Recorded information:
======
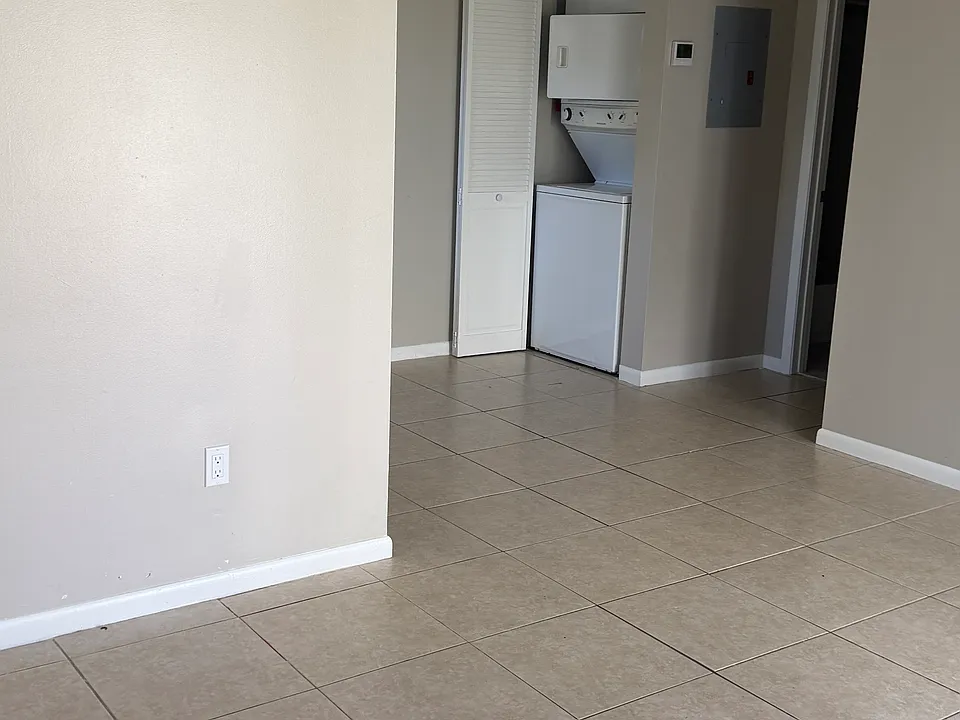 Living room looking towards bedroom with appliance closet open. Sorry about the hand obstruction.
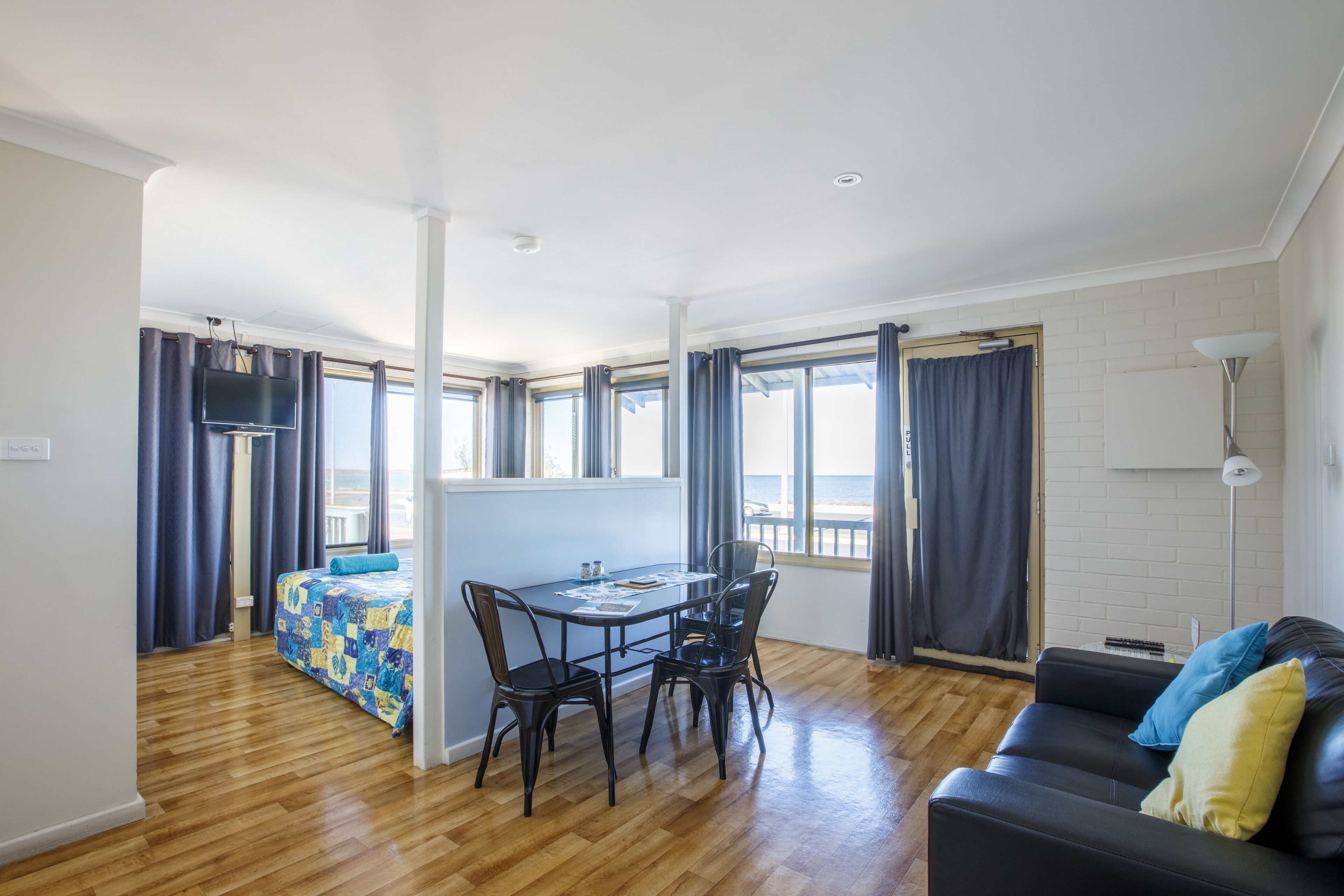 Oceanview Studio Unit (1Q) | Living area | Flat-screen TV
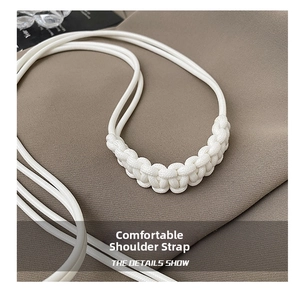 Detailed view of a white woven shoulder strap featuring intricate braided nodes and texture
======
Problem requirements: Go through the data and return every word of it verbatim, leaving out the pictures.

Solution:
 Living room looking towards bedroom with appliance closet open. Sorry about the hand obstruction.
 Oceanview Studio Unit (1Q) | Living area | Flat-screen TV
 Detailed view of a white woven shoulder strap featuring intricate braided nodes and texture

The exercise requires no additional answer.